__THE DATA__.
◇ ◇ ◇ ◇

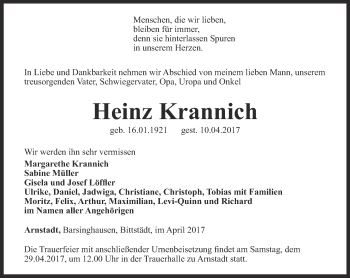 Traueranzeige von Heinz Krannich von Thüringer Allgemeine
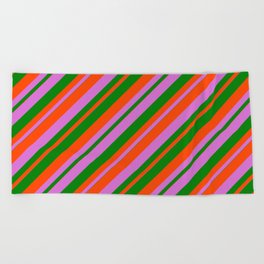 [ Thumbnail: Orchid, Green & Red Colored Stripes/Lines Pattern Beach Towel ]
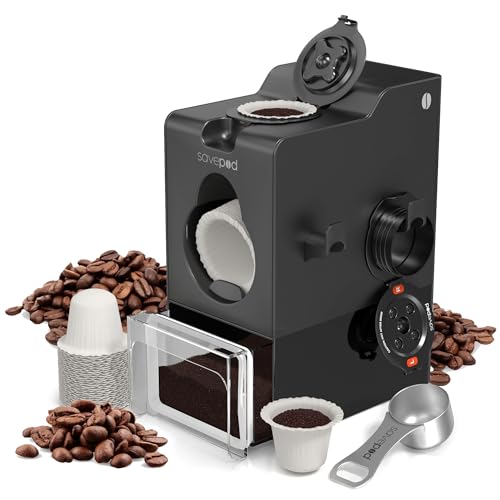 SavePod Coffee Pod Maker with Reusable Coffee Pods, Compatible with Keurig and K-Cup Coffee Machines, Smart, Easy to Use & Convenient (Black, Small)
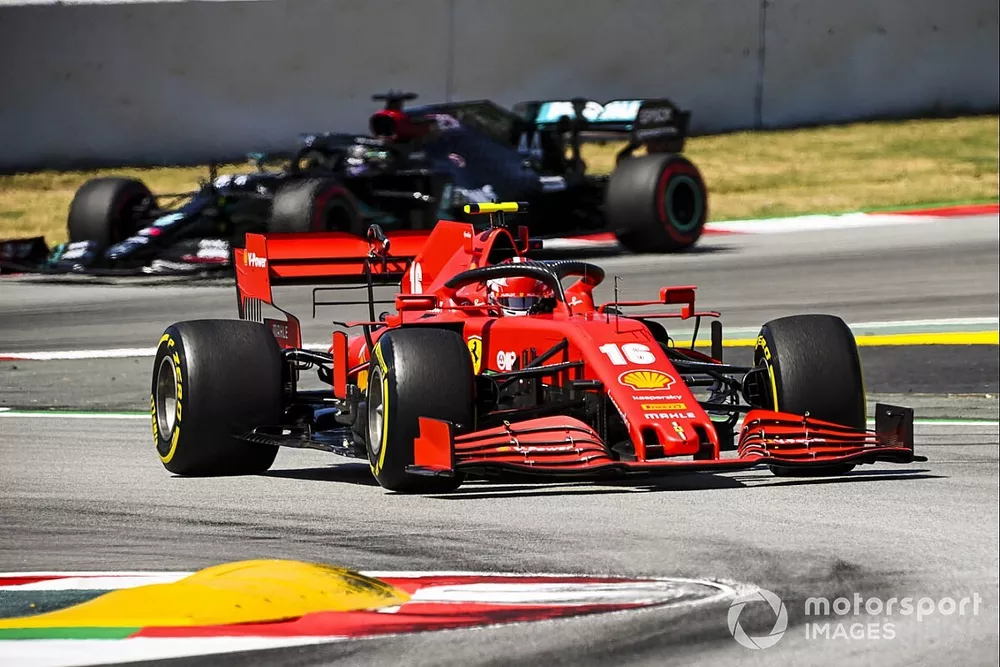 Charles Leclerc, Ferrari SF1000, leads Lewis Hamilton, Mercedes F1 W11 EQ Performance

◇ ◇ ◇ ◇

__WORK REQUIRED__.
Only the pictures stay behind; everything else in the data above is to be retyped exactly.

__ANSWER BOX__.
 Traueranzeige von Heinz Krannich von Thüringer Allgemeine
 [ Thumbnail: Orchid, Green & Red Colored Stripes/Lines Pattern Beach Towel ]
 SavePod Coffee Pod Maker with Reusable Coffee Pods, Compatible with Keurig and K-Cup Coffee Machines, Smart, Easy to Use & Convenient (Black, Small)
 Charles Leclerc, Ferrari SF1000, leads Lewis Hamilton, Mercedes F1 W11 EQ Performance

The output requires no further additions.